Dataset items
==================================================

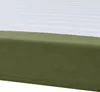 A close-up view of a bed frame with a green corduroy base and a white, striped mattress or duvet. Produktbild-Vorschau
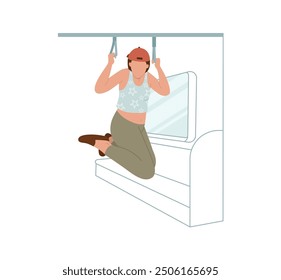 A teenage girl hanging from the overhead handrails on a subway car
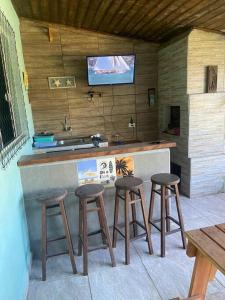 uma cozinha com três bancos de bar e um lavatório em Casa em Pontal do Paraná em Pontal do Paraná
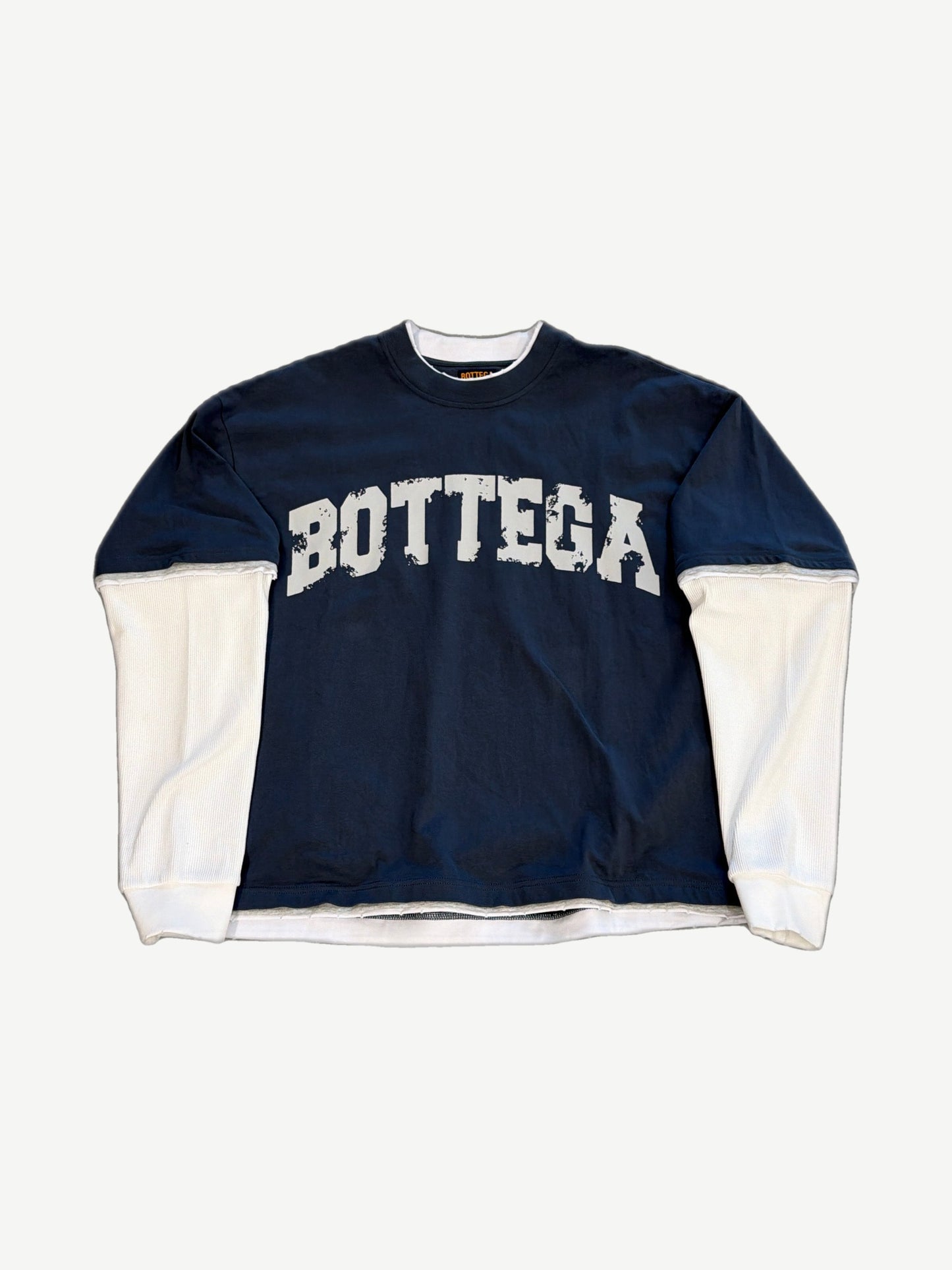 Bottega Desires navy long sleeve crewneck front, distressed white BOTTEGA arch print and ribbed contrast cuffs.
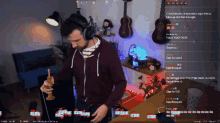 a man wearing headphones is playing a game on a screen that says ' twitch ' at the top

==================================================

● **What you need to do**
All that should appear in the response is the run of lines from the one with "A teenage girl" through the final line of the records, restated exactly, with pictures omitted.

● **Worked solution**
 A teenage girl hanging from the overhead handrails on a subway car
 uma cozinha com três bancos de bar e um lavatório em Casa em Pontal do Paraná em Pontal do Paraná
 Bottega Desires navy long sleeve crewneck front, distressed white BOTTEGA arch print and ribbed contrast cuffs.
 a man wearing headphones is playing a game on a screen that says ' twitch ' at the top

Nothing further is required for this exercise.